He’s old enough that he actually did buy food from folks like that, who’d tote their entire operations around with them, stoves, crockery, seating and all. The comparison is utterly ridiculous, but maybe it’s not. I actually am wandering from place to place, cooking for people, and maybe the only way this could be better is if I were getting paid only in cash. I want to boil the business of feeding people down to its essentials, to cook and get paid for cooking in a totally disintermediated, direct, and naked way, and maybe that hasn’t really been possible since that guy was wandering the streets with his handcart.
I mean look at that setup. There’s barely even a signboard. Just someone cooking in public. If you’re hungry and you want what they’re making, you hand them some cash. How close can we get to that today?
I think the question fascinates me because cooking is care work, and the value of care remains obvious, because care is about providing the necessities of life. If the work is cooking, maybe everything but the heat and the eating is in some fundamental way unnecessary – everything from seating to flatware to the gram is just rigmarole. Maybe satiation’s still essential, and maybe gratitude.

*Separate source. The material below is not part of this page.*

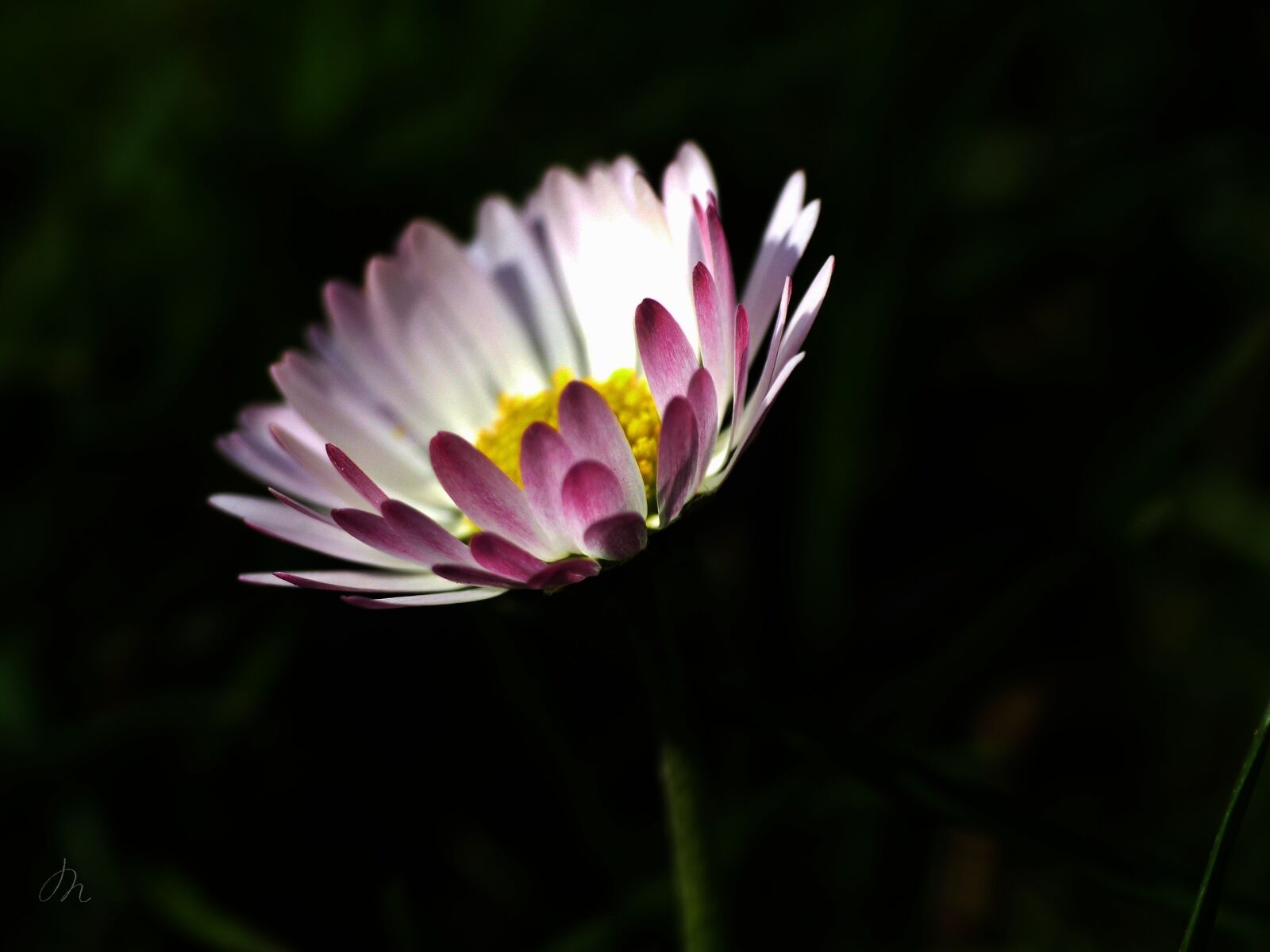 Panasonic Lumix DMC-FZ200 sample photo. Daisy, nature, blossom photography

In Pittsburgh this spring, I walked from Squirrel Hill to Lawrenceville, a path which undulated up and down more than it did side to side. Most of the way to Lawrenceville I saw a tent on the sidewalk, a sandwich board, and a bunch of people standing in a line. They stood in front of the brokedown facade of a former luncheonette that was clearly a former something else. The whole building was a kitchen. Daylight made it a cavern, cooks moving vaguely amongst piles of boxes and stainless steel hulks. A person handed egg sandwiches and donuts out the front door. Mine was exemplary, soft and dripping in all the right ways, a sandwich to wipe off your fingers and chin.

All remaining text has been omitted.